Research Suggests That Ancient Egyptians May Have Received Some Help Crafting The Great Sphinx Of Giza, With Fast Winds Influencing The Initial Shape Of The Iconic Monument

Alfredo - - illustrative purposes only

The Great Sphinx of Giza is known as the oldest monument in Egypt and stands as a marvel of engineering and artisanship. This colossal structure, reaching 66 feet in height, was impressively sculpted from a single limestone ridge.

However, recent research suggests that the ancient Egyptians may have received some assistance in creating this monumental work from natural elements in the region over 4,500 years ago.

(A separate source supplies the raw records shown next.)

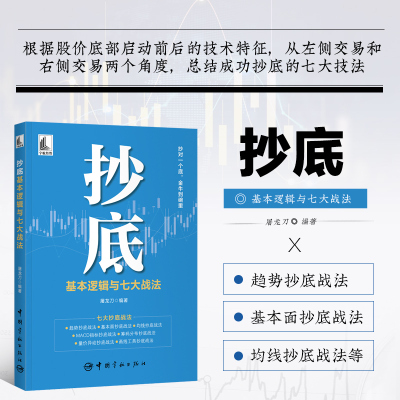 抄底基本逻辑与七大战法 底部的形成逻辑与形态特征 底部的类型与级别 底部的形成逻辑 主力运作与底部形成 价格向价值的回归参考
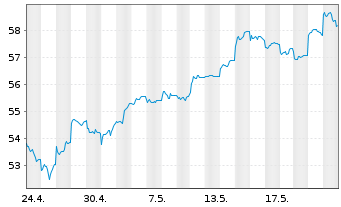Chart Xtrackers MSCI Taiwan - 1 mois
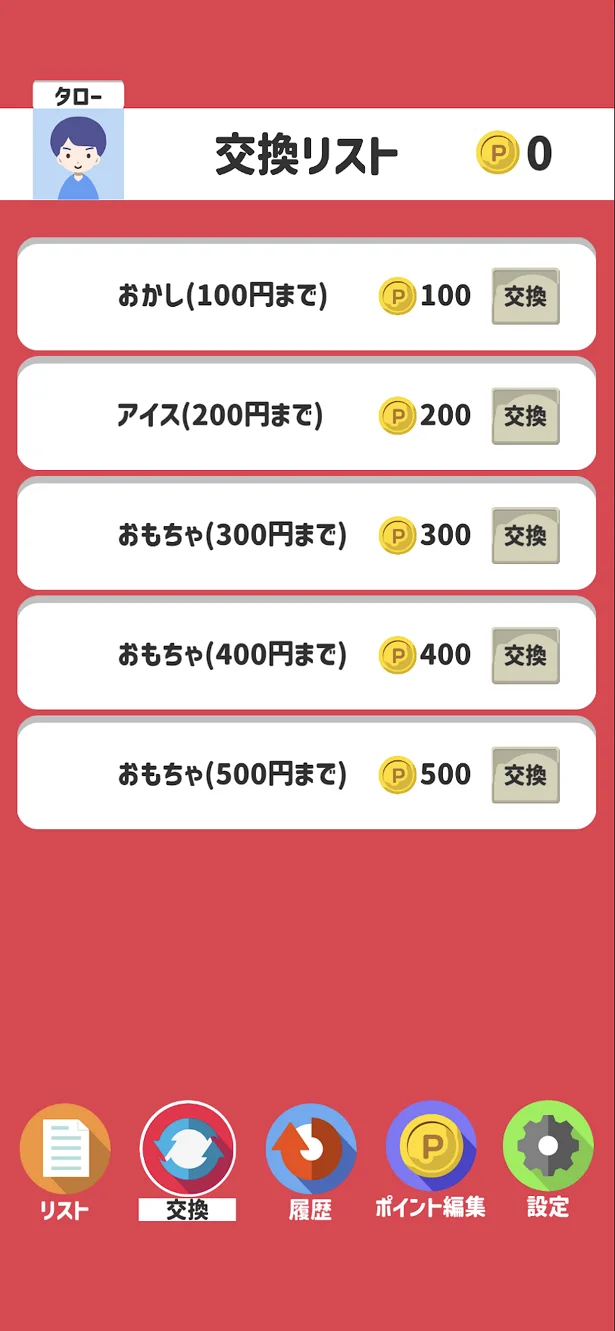 交換リスト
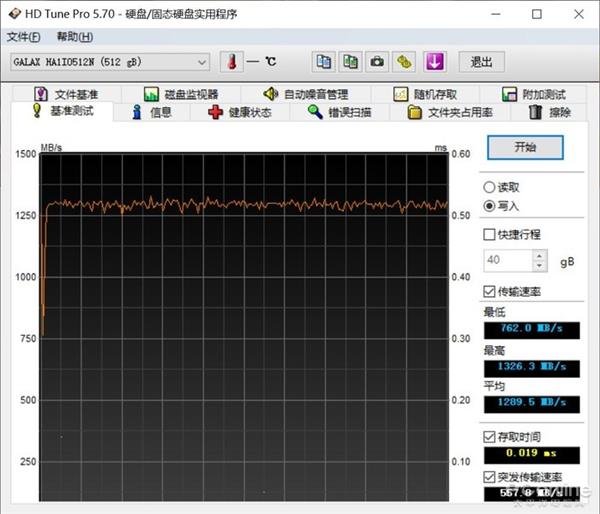 SSDƷ뷢Ʒզѡʵ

Scientists from New York University’s Applied Mathematics Laboratory conducted experiments to mimic the environmental conditions of northeastern Egypt around 2,500 B.C.E, coinciding with the time the Sphinx was built.

Their goal was to understand how fast-moving winds, interacting with natural rock formations, might have influenced the initial shaping of the Sphinx.

Specifically, the researchers recreated yardangs, which are distinctive ridge-like landforms formed by wind or dust erosion, typically seen in dry areas. They theorized that these yardangs could have provided a natural template that the ancient sculptors used as a starting point for carving the Sphinx.

The researchers replicated these natural structures by embedding softer clay mounds with materials that were harder and less susceptible to erosion. They then exposed these mounds to a rapid stream of water, simulating the effect of wind. This process reshaped the mounds into forms resembling the Sphinx.

The study found that the harder, more erosion-resistant material was sculpted into the statue’s head, creating a “wind shadow” that protected the body. Additionally, they observed that the Sphinx’s back, neck, and paws were shaped by the “turbulent wake” of the wind.

“Our laboratory experiments showed that surprisingly Sphinx-like shapes can come from materials being eroded by fast flows,” explained Leif Ristroph, an associate professor at NYU’s Courant Institute of Mathematical Sciences.

“The work may also be useful to geologists as it reveals factors that affect rock formations– namely, that they are not homogeneous or uniform in composition. The unexpected shapes come from how the flows are diverted around the harder or less-erodible parts.”